De monitoring van de overheidsuitgaven op het gebied van psychoactieve substanties heeft als doel inzicht te verschaffen in de uitgaven door de overheidsdiensten om het gebruik van psychoactieve stoffen aan te pakken. Deze monitoring heeft dus geen betrekking op de externe uitgaven voor de gevolgen van het drugsgebruik. Het beperkt zich tot de zelfgerapporteerde uitgaven op niveau van de bevoegde diensten op federaal en deelstatelijk niveau. Provinciale en lokale uitgaven zijn niet opgenomen in de berekeningen.
Deze monitoring maakt ook deel uit van een Europese dynamiek, aangezien deze bedragen worden gerapporteerd aan het Europees Waarnemingscentrum voor Drugs en Drugsverslaving (EMCDDA).
Deze monitoring betreft de jaren 2016 tot 2021 en is onderverdeeld in vijf grote hoofdstukken die de belangrijkste pijlers van het drugsbeleid vertegenwoordigen, met name preventie, hulpverlening, veiligheid/handhaving, schadebeperking en overkoepelende beleidsmaatregelen (monitoring, samenwerking en afstemming).

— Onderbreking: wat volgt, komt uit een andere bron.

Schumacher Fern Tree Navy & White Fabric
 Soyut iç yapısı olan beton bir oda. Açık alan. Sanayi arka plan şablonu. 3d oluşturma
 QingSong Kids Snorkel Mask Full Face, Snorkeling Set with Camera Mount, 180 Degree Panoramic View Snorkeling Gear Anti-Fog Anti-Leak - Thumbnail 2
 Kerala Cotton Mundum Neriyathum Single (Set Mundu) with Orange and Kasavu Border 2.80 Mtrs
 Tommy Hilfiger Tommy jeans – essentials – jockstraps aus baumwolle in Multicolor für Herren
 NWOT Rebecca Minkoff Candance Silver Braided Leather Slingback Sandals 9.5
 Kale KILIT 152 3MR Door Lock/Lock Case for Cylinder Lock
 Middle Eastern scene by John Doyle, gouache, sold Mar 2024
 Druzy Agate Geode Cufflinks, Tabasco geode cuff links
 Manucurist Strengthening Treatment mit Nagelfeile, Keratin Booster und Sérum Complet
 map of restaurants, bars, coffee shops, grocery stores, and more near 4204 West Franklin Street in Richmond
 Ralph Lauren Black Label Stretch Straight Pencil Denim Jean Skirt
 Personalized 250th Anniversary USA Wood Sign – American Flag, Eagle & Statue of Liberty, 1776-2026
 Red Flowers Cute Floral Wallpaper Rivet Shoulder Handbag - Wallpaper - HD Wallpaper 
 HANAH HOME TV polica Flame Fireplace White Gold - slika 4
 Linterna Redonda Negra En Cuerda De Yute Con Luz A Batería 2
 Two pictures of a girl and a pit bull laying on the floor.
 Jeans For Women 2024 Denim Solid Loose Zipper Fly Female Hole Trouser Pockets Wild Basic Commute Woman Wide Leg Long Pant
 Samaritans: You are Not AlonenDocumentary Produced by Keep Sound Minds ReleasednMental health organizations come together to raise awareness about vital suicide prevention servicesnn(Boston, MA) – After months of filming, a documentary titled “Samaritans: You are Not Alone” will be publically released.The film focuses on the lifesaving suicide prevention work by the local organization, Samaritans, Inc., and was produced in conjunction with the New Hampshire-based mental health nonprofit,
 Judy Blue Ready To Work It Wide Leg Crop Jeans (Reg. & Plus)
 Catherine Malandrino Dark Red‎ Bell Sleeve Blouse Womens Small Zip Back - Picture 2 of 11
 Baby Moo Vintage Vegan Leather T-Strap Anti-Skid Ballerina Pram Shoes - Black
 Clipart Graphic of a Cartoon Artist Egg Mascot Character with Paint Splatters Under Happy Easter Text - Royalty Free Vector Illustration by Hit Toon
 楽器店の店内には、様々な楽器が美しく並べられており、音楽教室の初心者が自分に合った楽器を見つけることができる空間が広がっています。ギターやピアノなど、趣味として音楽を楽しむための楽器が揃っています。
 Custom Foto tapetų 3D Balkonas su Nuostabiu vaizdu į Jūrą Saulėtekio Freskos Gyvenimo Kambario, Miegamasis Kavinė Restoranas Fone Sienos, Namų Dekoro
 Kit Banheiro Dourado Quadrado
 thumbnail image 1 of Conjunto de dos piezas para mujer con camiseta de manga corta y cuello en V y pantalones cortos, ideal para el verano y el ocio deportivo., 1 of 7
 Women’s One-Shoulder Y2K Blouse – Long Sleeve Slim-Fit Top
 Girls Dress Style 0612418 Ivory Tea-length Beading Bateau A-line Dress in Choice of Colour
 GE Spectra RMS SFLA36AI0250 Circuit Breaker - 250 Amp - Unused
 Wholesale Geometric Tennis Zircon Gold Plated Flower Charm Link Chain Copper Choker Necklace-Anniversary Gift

Het doel van deze monitoring is het in kaart brengen van de overheidsuitgaven inzake drugs. Deze monitoring is een complexe oefening en toont een momentopname van de uitgaven voor drugsbeleid, maar beoordeelt deze niet. Bovendien is deze monitoring niet exhaustief: de gegevens zijn niet volledig en houden geen rekening met de uitgaven op provinciaal en lokaal niveau, wat vanuit methodologisch oogpunt niet mogelijk is. Ook is het bijvoorbeeld niet altijd mogelijk om de overheidsuitgaven metbetrekking tot preventie op te splitsen qua substantie en zou de methode voor het berekenen van ziekenhuisuitgaven herzien kunnen worden voor wat betreft de schatting van de werkelijke kosten.
Dit betekent dat we aan de lezer van dit document vragen de nodige voorzichtigheid aan de dag te leggen bij het interpreteren van deze resultaten. Deze monitoring geeft een beeld van de overheidsuitgaven maar kan niet gehanteerd worden om vergelijkingen tussen substanties en jaren te formuleren.